In aqueous systems, pH controls whether cyanide is present primarily as HCN or as CN-. Since HCN is the protonated form and CN- is the conjugate base, equilibrium shifts with acidity. At low pH, more HCN is present. At higher pH, more cyanide ion is present. That broader acid-base perspective helps explain why weak-acid calculations remain relevant beyond a single textbook problem.
Authoritative reference sources
- NIST Chemistry WebBook entry for hydrogen cyanide
- CDC and NIOSH information on cyanide chemistry and safety
- Purdue University guide to acid dissociation constants and weak-acid equilibria
Fast exam shortcut for this exact question
If you see the exact prompt, “calculate the pH of a 0.20 M solution of HCN,” and your course allows the weak-acid approximation, you can move quickly:
- Write x = sqrt(Ka x C).
- Substitute Ka = 6.2 x 10^-10 and C = 0.20.
- Get x = sqrt(1.24 x 10^-10) = 1.11 x 10^-5.
- Take the negative log to get pH = 4.95.
Final answer: a 0.20 M solution of HCN has a pH of about 4.95 at 25 C when Ka is taken as 6.2 x 10^-10.
Final takeaway
The key to solving this problem correctly is recognizing that HCN is a weak acid.
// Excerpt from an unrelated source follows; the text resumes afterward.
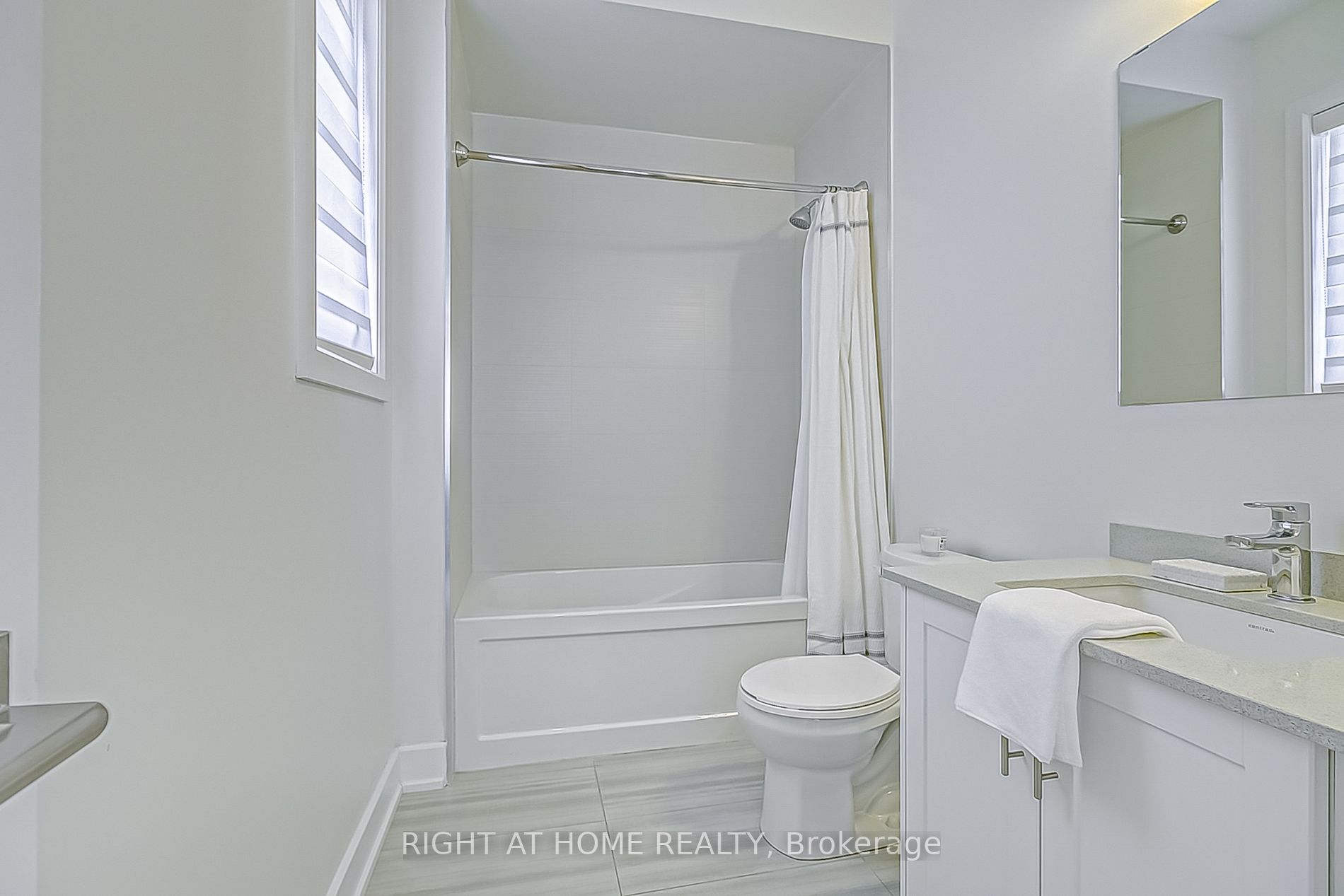 27 A Poplar Dr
For a 0.20 M solution, the hydrogen ion concentration is not 0.20 M, but only about 1.11 x 10^-5 M because the acid dissociates to a very limited extent. Using the equilibrium expression or the valid weak-acid approximation gives a pH near 4.95. Once you understand this process, you can apply the same logic to any weak monoprotic acid problem involving Ka, ICE tables, and equilibrium pH.